2009年10月1日
八ッ場ダム予定地の「地質」の問題は、今まで殆どマスコミで取り上げられることがありませんでした。地元の人々はダム湖予定地周辺の地質が脆いことをよく知っていましたが、国土交通省はこれまで膨大な地質調査を行ってきながら、安全性について問題がないとしてきました。
地質が脆いことは、工事の難航、今後のダム湖予定地周辺地域の安全性を考える上で、見過ごすことの出来ない大きな問題です。群馬版の新聞に地質についての記事が掲載されていましたのでお知らせします。
2009年10月1日 朝日新聞群馬版より転載
http://mytown.asahi.com/gunma/news.php?k_id=10000580910010001
ー八ッ場 浅間山の因縁 ダムの安全性 「不安消えず」 天明の大噴火で泥流ー
前原誠司国土交通相が中止を明言して以来、賛否の声が渦巻く八ツ場ダム(長野原町)。前原国交相との意見交換会への参加を拒否するなど「地元はダム推進」とみられがちだが、ダム建設に疑問を持ち続けている人がいる。226年前にダム予定地を襲った泥流の伝承や、地滑りへの恐れが背景にある。共通のキーワードは「浅間山」だ。
(菅野雄介)
川原湯地区で、牛乳の製造・販売をしている豊田武夫さん(58)。自宅近くには、先祖代々の墓地がある。その一角に建つ石碑に「天明三年七月八日 浅間 有縁無縁三界萬霊 荒古碑流失依而造立之者」と刻まれている。幼いころから、豊田さんはこの碑に手を合わせるのを忘れないよう、教えられてきた。
天明3(1783)年に何があったか。
この年、5月(旧暦4月)から小規模な噴火を繰り返していた浅間山が、同年8月5日(同7月8日)午前10時ごろ、激しく噴火。土石なだれが嬬恋村鎌原の旧鎌原村を埋没させ、吾妻川に流入して泥流になった。
国の中央防災会議がまとめた「天明浅間山噴火報告書」などによると、火口から直線で約20キロ離れた八ツ場には、波高50メートルを超す泥流が時速72キロで押し寄せたという。下流域も含め約1500人が犠牲になったとされる。うち計400人以上が長野原町内の住民だったと町誌は記す。
映画「男はつらいよ」で知られる東京都葛飾区の柴又帝釈天の墓地にも、泥にのまれて付近の江戸川でみつかった犠牲者をまつる石碑が建っている。
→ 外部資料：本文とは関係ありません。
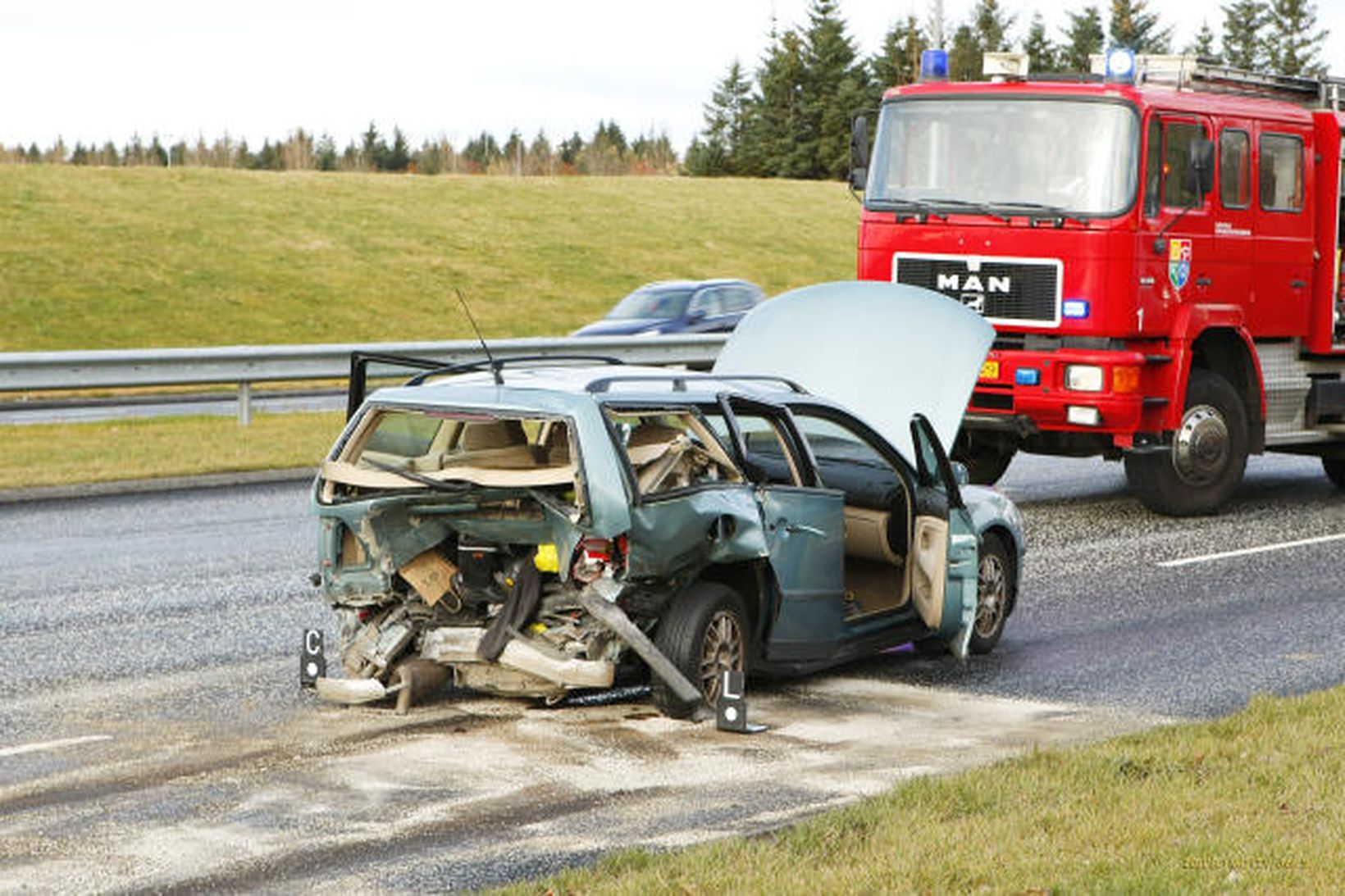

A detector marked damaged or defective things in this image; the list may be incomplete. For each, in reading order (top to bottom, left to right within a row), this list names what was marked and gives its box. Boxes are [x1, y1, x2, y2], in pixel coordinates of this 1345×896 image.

wrecked green station wagon [312, 282, 1027, 716]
天明クラスの大規模噴火は、700年に1度の割合で起きているという。
八ツ場ダムの完成後に天明泥流と同様の泥流が襲ったらどうなるか。県埋蔵文化財調査事業団の発掘調査では、ダムの水没地域とほぼ同じ範囲で、天明泥流の遺跡がみつかっている。
砂防フロンティア整備推進機構の井上公夫さんは、ダム予定地の吾妻渓谷で、天明泥流によって高さ70メートル程度の天然ダムが形成され、泥流が9分程度で5050万トンたまったとする試算を出している。八ツ場ダムの貯水容量は1億750万トンで、半分近くが泥流で一気に埋まる計算だ。
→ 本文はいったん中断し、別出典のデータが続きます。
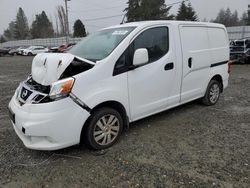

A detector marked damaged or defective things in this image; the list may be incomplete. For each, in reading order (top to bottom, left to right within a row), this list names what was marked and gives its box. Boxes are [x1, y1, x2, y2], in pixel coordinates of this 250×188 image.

dented hood [30, 52, 94, 85]
damaged front bumper [8, 83, 91, 150]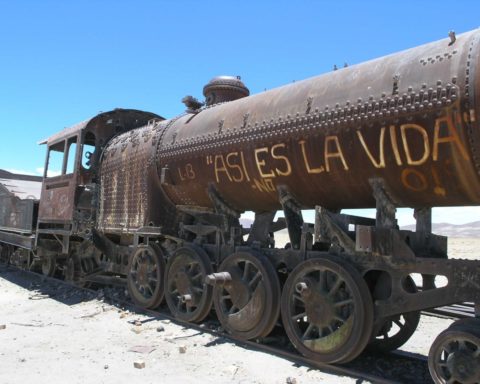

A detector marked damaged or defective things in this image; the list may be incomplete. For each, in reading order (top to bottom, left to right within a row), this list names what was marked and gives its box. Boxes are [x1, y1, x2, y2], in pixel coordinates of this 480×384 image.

rusted metal panel [0, 171, 41, 234]
rusted metal panel [156, 28, 480, 213]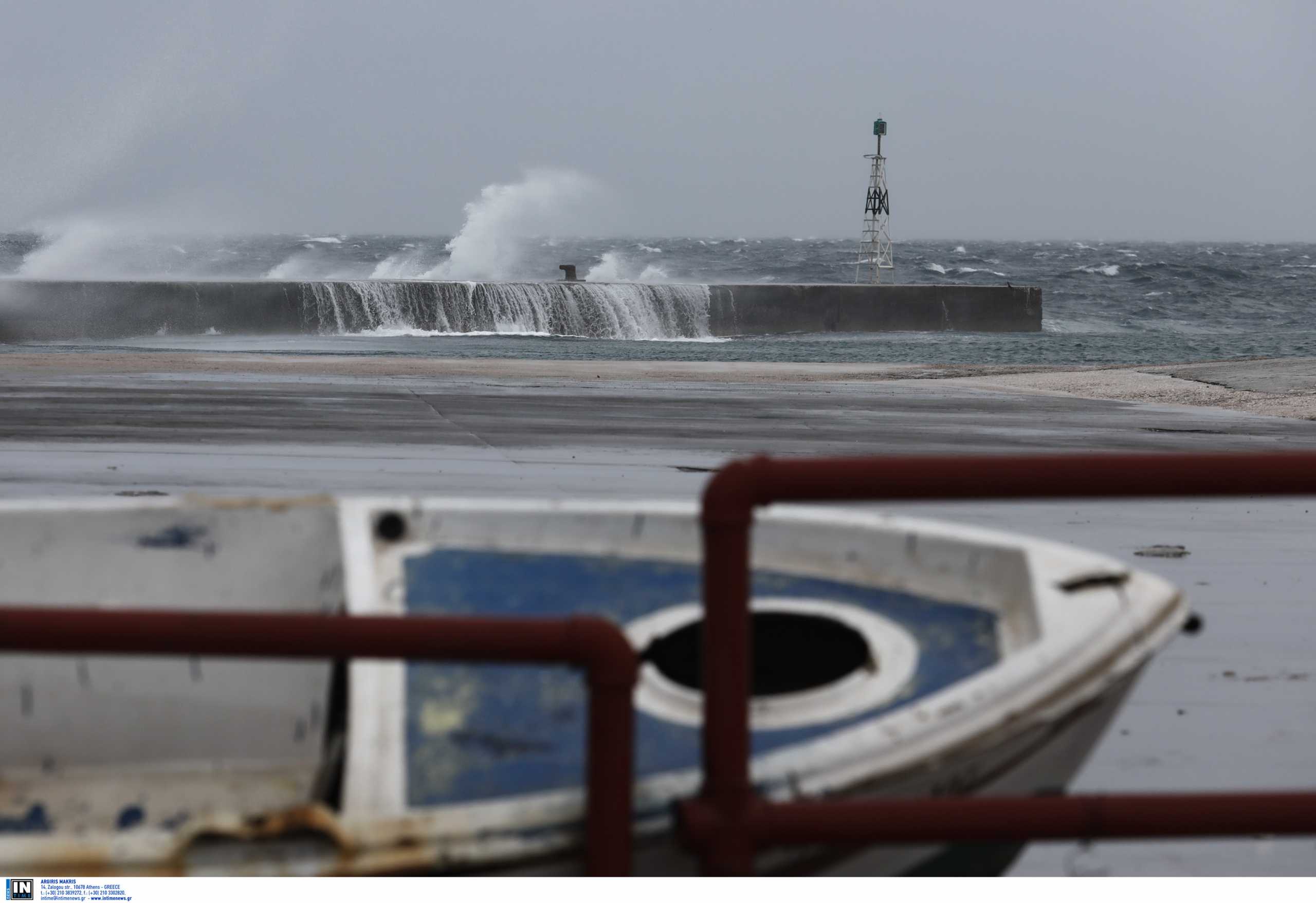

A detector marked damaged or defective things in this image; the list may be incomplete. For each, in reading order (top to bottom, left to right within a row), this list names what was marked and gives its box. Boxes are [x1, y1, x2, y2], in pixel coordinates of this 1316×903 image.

rusty red railing [8, 452, 1316, 876]
rusty red railing [683, 452, 1316, 876]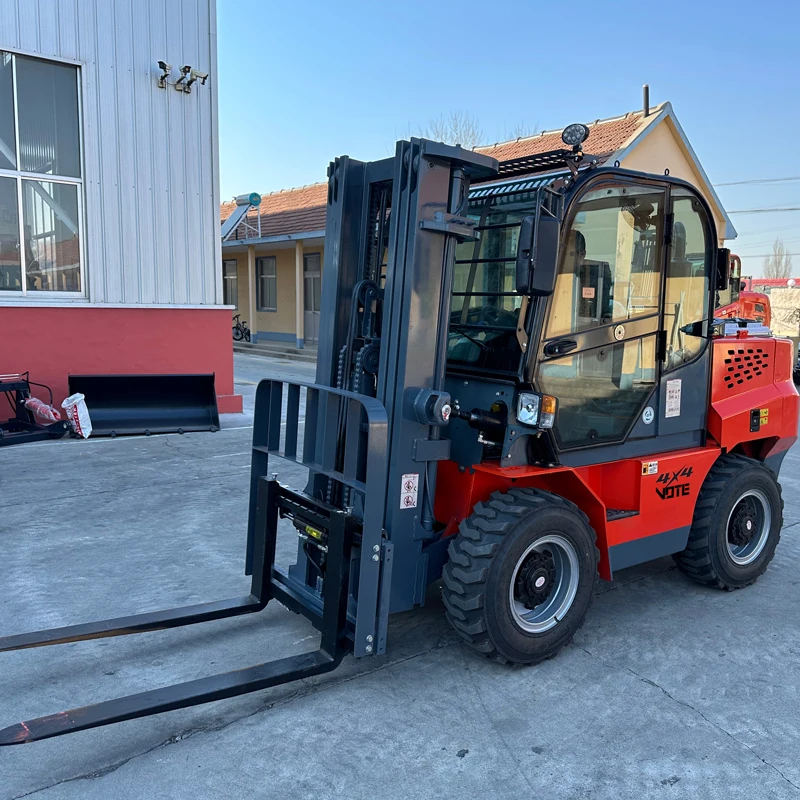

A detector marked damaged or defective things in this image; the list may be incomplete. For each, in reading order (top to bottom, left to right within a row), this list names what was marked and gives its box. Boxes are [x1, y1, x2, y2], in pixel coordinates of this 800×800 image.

pavement crack [6, 636, 460, 796]
pavement crack [576, 644, 800, 792]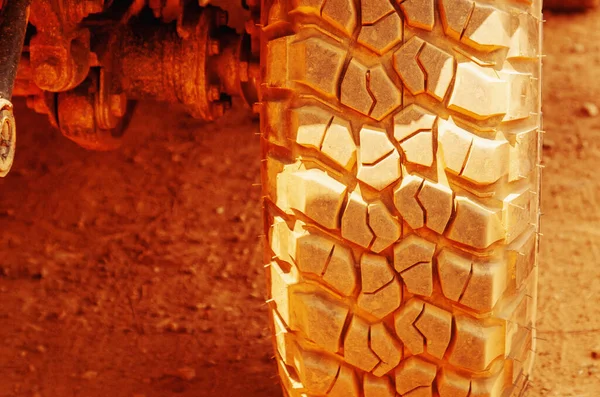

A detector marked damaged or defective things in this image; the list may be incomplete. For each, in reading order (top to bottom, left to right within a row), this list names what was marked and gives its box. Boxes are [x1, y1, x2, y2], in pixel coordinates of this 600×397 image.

rusty metal part [29, 0, 104, 91]
rusty metal part [56, 69, 131, 150]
ダムの水位によっては、一気にダム湖へ流れ込んだ泥流がダム本体を越え、ダム湖の水と混ざって下流域に襲いかかる。あるいはダム本体が壊れるかもしれない。
そんな悪夢が頭をよぎった豊田さんが、万が一の泥流への対策を何度問いかけても、国土交通省の担当者から明快な答えは聞いたことがないという。
豊田さんが懸念するのは泥流だけではない。この地に生を受けてから7回、自宅近くで地滑りを目の当たりにしてきた。ダム完成後に湖岸になる場所で、地滑りの危険が指摘されるのは22カ所あるとされる。この地質の弱さも、浅間山に起因する。一帯は2万4千年前の巨大噴火の堆積(たい・せき)物でできているからだ。
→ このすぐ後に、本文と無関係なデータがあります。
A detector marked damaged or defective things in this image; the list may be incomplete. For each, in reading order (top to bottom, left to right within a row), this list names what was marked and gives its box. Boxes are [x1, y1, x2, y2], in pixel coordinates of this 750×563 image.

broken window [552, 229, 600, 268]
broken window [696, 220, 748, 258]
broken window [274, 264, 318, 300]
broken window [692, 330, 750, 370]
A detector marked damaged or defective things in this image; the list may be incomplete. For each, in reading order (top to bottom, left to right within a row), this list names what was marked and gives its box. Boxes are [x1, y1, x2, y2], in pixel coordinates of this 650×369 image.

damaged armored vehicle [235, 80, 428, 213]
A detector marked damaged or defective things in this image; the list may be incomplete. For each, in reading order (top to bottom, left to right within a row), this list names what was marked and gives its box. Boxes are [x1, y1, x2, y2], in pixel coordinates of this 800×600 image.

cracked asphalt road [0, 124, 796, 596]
奈良県川上村の大滝ダムは、ダム本体完成後の03年、試験的に水をためたところ、地滑りが発生。湖岸の集落が急きょ移転を強いられた。国はあわてて対策工事を追加し、いまも完成していない。
ある土木コンサルタント会社OBは「いきなり本格的に水をためずに試験的にためるのは、地滑りするかどうかを確かめるため。想定外のところで滑ったら、対策を取ればいい」とためらいなく話す。
豊田さんの自宅周辺の所有地には、吾妻川沿いから高台に移されるJR吾妻線の新ルートが通る予定で、新しい川原湯温泉駅も計画されている。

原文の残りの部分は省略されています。